Directions -
Search the material for the string "Santa", then show every line where it turns up.

Input for this task -

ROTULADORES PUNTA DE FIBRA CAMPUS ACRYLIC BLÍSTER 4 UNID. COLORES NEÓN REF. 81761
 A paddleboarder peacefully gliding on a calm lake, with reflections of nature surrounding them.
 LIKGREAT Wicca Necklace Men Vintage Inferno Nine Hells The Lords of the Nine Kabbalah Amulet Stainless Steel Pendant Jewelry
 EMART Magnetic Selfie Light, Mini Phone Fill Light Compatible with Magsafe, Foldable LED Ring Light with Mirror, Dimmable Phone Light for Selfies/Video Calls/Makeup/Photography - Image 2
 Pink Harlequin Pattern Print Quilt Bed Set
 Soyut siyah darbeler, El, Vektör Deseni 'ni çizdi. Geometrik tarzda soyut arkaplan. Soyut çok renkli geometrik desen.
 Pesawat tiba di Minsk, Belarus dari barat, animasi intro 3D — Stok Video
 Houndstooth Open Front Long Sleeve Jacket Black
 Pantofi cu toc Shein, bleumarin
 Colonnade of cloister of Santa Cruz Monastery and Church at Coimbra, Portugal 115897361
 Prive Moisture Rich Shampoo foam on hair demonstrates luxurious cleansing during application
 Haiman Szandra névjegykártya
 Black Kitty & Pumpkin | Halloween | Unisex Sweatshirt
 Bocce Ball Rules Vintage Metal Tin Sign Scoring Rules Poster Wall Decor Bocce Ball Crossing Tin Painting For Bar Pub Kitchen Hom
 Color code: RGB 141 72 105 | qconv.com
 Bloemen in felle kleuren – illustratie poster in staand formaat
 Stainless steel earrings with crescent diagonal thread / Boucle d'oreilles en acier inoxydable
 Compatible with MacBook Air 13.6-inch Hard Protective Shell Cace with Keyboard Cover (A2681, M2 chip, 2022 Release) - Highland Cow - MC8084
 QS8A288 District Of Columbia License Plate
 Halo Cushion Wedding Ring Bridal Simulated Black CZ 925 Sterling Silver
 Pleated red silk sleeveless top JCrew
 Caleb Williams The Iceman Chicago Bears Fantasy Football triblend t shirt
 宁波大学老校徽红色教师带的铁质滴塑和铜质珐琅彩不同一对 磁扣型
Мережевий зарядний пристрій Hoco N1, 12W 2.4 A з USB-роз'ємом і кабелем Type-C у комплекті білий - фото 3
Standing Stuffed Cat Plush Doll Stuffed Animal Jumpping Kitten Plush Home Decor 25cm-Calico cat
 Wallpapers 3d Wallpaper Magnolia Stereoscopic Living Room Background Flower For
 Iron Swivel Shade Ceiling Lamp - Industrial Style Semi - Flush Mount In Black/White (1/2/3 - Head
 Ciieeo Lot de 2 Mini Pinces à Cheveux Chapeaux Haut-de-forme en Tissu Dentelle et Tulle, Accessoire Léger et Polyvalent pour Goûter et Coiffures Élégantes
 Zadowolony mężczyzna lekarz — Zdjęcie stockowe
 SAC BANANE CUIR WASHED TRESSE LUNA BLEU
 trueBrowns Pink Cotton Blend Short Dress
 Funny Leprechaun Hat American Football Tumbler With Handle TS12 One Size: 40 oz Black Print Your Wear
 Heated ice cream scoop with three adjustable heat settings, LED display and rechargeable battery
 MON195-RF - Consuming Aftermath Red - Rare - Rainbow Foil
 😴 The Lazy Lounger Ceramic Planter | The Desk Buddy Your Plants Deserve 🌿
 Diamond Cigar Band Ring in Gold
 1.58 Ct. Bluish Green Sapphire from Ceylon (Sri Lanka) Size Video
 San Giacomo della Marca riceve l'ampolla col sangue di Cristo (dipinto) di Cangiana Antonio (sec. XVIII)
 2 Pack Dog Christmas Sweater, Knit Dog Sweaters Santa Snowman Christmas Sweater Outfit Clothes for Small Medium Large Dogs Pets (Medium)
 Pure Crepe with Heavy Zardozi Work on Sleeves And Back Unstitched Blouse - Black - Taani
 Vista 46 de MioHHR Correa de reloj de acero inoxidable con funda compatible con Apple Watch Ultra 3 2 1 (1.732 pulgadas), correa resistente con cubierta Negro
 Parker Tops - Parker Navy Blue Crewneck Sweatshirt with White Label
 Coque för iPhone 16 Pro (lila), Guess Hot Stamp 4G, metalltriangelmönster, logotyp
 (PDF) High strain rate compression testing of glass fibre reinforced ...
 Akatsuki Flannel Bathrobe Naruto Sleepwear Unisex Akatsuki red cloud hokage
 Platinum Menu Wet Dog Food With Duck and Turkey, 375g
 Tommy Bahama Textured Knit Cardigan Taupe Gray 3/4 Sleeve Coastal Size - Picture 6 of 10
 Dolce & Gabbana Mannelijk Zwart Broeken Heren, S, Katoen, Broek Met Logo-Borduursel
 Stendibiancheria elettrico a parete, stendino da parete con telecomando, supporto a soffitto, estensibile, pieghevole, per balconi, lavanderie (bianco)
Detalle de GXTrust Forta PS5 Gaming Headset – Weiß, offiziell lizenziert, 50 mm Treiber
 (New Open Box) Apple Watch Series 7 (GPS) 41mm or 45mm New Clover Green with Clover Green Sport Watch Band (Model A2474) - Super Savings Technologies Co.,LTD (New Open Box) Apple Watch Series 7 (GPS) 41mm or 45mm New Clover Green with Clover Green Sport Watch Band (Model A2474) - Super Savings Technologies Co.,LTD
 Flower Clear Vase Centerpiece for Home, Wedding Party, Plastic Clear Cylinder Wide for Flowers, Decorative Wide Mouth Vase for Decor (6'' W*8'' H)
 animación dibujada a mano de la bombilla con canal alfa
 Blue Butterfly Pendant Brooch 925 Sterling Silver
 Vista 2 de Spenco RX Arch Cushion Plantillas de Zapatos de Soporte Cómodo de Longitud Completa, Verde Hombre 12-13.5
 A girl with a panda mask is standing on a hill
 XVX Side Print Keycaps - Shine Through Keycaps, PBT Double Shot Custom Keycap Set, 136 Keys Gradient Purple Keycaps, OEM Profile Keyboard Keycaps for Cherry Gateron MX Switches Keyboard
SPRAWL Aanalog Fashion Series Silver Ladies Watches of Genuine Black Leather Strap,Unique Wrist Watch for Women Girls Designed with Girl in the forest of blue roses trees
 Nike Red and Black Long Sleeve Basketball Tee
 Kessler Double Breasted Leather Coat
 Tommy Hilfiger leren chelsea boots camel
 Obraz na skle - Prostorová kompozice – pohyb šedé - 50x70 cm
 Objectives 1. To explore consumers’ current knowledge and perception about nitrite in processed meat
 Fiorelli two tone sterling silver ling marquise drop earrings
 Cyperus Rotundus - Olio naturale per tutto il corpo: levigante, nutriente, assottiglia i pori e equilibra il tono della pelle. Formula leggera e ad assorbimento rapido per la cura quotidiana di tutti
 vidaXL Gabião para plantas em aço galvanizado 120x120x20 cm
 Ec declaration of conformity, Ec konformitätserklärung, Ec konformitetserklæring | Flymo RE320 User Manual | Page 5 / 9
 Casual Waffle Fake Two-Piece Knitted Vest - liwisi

Answer section -
 Colonnade of cloister of Santa Cruz Monastery and Church at Coimbra, Portugal 115897361
 2 Pack Dog Christmas Sweater, Knit Dog Sweaters Santa Snowman Christmas Sweater Outfit Clothes for Small Medium Large Dogs Pets (Medium)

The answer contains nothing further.